**Supplied material**
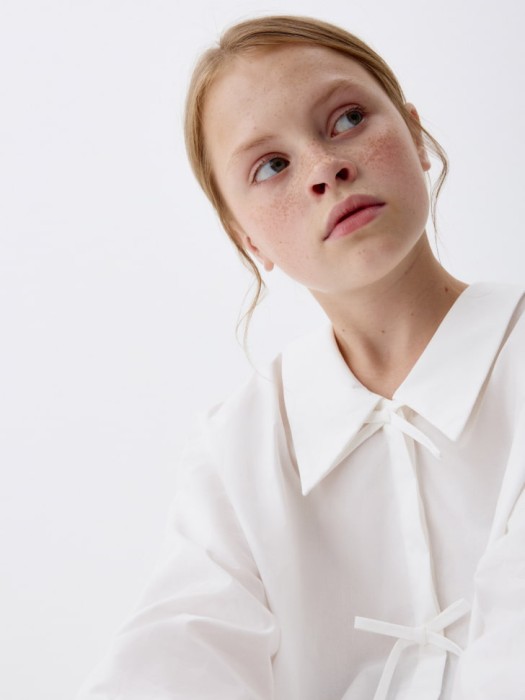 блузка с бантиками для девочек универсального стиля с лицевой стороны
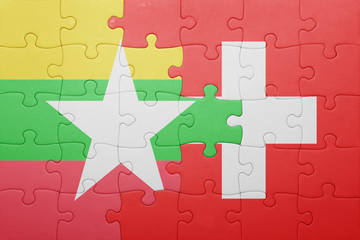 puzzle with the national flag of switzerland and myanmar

==

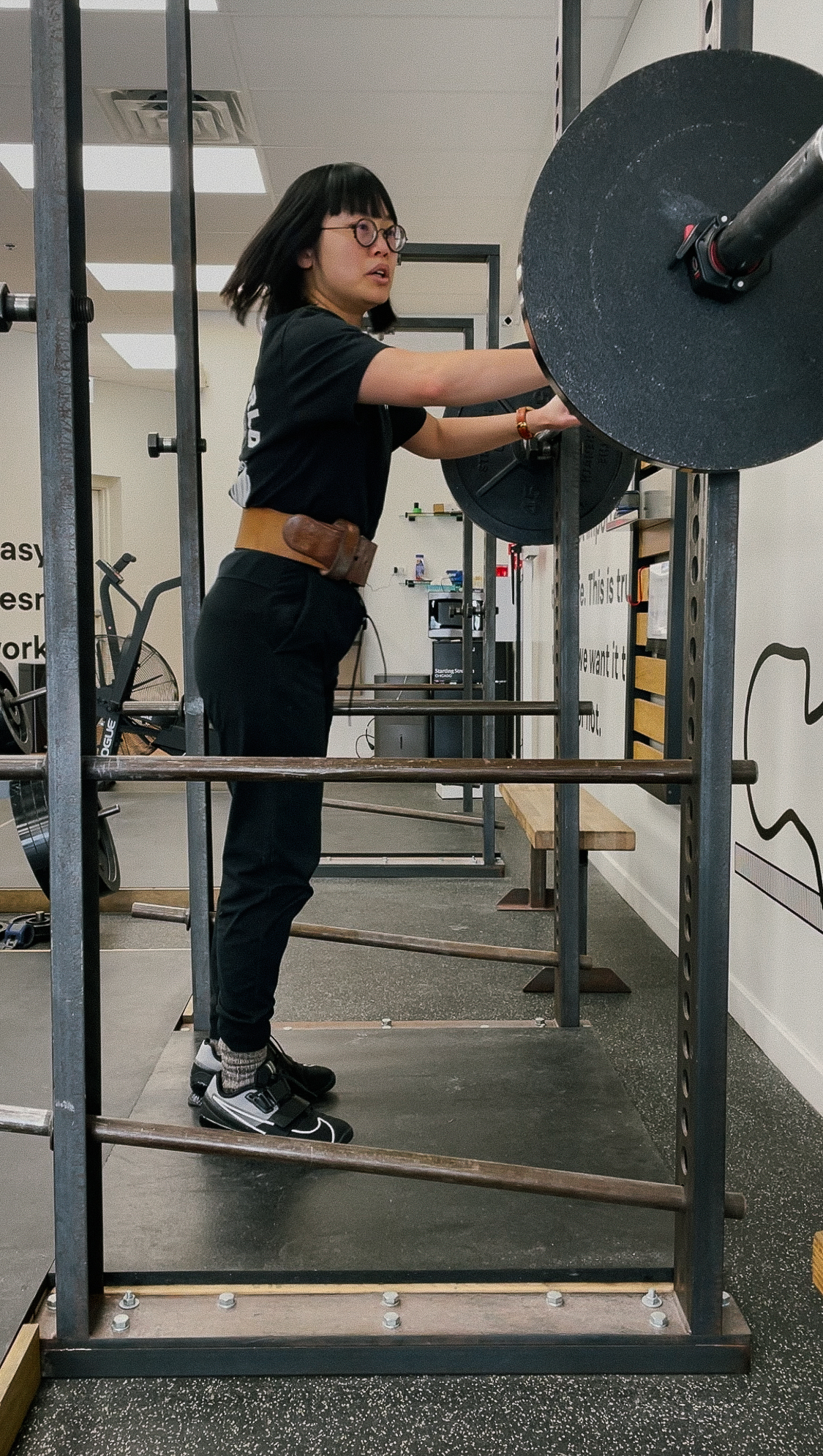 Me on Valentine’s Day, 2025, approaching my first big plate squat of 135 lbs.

**What is needed**
In the material above, one part opens with the line containing "блузка с бантиками" and closes with the line containing "puzzle with the". Write out that part exactly and skip its pictures.

**Expected answer**
 блузка с бантиками для девочек универсального стиля с лицевой стороны
 puzzle with the national flag of switzerland and myanmar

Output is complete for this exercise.